# Taking SE Exam Early



## PE-CA-rys (Sep 19, 2019)

Can someone with a PE Civil in California, register and take the NCEES SE Exam in other State (Say Nevada) before completing the 3 years of work experience. Thoughts?


----------



## User1 (Sep 20, 2019)

as long as they meet the (nevada) requirements, yes.


----------



## Edub24 (Sep 20, 2019)

I believe so but you would have to wait 3 years until you can get the CA SE license by comity. A lot of people get the PE license in CA because the wait isn’t as long as other states (2 years) and eventually get the license in their home state by comity when allowed.


----------



## cal91 (Oct 7, 2019)

I'm in CA. Got my PE after my 2 years experience. 1 year later took SE in Nevada (that was in April 2019) and passed. Have not applied for a SE license in NV and don't plan to. I'll apply for my SE license in CA once I have my 3 years experience with my PE.


----------



## Robert_Hunter (Oct 8, 2019)

cal91 said:


> I'm in CA. Got my PE after my 2 years experience. 1 year later took SE in Nevada (that was in April 2019) and passed. Have not applied for a SE license in NV and don't plan to. I'll apply for my SE license in CA once I have my 3 years experience with my PE.

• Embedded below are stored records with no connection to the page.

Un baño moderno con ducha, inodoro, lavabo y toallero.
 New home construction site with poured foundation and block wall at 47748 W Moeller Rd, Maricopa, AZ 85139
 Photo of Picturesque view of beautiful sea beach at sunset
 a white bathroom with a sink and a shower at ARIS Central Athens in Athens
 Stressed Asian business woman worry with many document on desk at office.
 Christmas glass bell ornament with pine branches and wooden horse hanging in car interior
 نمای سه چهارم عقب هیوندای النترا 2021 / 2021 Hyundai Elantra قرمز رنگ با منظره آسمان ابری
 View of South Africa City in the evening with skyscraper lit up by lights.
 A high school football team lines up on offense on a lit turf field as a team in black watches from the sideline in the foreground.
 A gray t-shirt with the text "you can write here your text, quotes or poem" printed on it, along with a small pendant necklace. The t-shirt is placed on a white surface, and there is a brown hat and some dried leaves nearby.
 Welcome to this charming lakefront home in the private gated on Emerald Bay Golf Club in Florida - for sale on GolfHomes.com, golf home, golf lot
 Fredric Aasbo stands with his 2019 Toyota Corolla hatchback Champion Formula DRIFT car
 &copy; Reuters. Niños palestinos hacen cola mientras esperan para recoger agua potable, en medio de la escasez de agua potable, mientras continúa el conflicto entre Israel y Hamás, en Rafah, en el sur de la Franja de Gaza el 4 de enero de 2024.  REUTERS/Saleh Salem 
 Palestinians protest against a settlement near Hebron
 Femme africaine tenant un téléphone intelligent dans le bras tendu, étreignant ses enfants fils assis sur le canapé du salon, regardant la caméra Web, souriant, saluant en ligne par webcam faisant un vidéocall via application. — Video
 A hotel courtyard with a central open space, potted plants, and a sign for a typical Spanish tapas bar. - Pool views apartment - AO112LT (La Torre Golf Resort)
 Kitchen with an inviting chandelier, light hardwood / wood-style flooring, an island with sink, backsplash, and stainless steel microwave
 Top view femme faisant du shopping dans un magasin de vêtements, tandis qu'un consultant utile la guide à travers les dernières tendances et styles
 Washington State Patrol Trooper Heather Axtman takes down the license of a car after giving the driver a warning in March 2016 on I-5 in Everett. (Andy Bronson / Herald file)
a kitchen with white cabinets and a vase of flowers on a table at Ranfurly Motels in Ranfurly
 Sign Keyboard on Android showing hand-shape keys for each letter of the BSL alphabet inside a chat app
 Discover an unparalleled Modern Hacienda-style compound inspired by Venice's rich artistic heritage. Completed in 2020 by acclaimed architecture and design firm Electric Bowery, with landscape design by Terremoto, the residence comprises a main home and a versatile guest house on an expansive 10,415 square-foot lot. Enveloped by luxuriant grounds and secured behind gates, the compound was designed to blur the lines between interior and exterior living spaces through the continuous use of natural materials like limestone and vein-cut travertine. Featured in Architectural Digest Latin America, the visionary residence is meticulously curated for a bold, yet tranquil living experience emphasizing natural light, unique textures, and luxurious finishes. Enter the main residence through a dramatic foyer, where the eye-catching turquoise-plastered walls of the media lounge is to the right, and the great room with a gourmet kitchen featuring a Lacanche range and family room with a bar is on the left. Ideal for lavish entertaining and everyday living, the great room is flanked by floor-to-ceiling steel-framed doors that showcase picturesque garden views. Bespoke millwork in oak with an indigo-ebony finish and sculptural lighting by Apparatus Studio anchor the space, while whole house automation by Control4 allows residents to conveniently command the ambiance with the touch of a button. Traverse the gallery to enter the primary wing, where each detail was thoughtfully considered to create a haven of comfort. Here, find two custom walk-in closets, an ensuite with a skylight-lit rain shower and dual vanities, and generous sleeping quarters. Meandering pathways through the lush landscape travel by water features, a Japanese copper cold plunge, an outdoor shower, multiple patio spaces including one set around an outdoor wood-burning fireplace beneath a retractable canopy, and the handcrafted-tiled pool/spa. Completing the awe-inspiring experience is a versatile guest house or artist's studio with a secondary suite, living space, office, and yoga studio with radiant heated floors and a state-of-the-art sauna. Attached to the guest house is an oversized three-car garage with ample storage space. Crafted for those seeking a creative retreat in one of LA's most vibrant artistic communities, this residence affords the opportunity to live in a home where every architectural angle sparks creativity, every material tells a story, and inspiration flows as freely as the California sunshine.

I have my PE in California as well, so I can sign up and take the SE in Nevada without prior approval (similar to the PE exam in California)?


----------



## PE-CA-rys (Oct 14, 2019)

According to NCEES Website, Nevada State does not require prior board authorization to register for 16 Hour structural exam.


----------



## PE-CA-rys (Oct 14, 2019)

While the California board requires prior authorization.


----------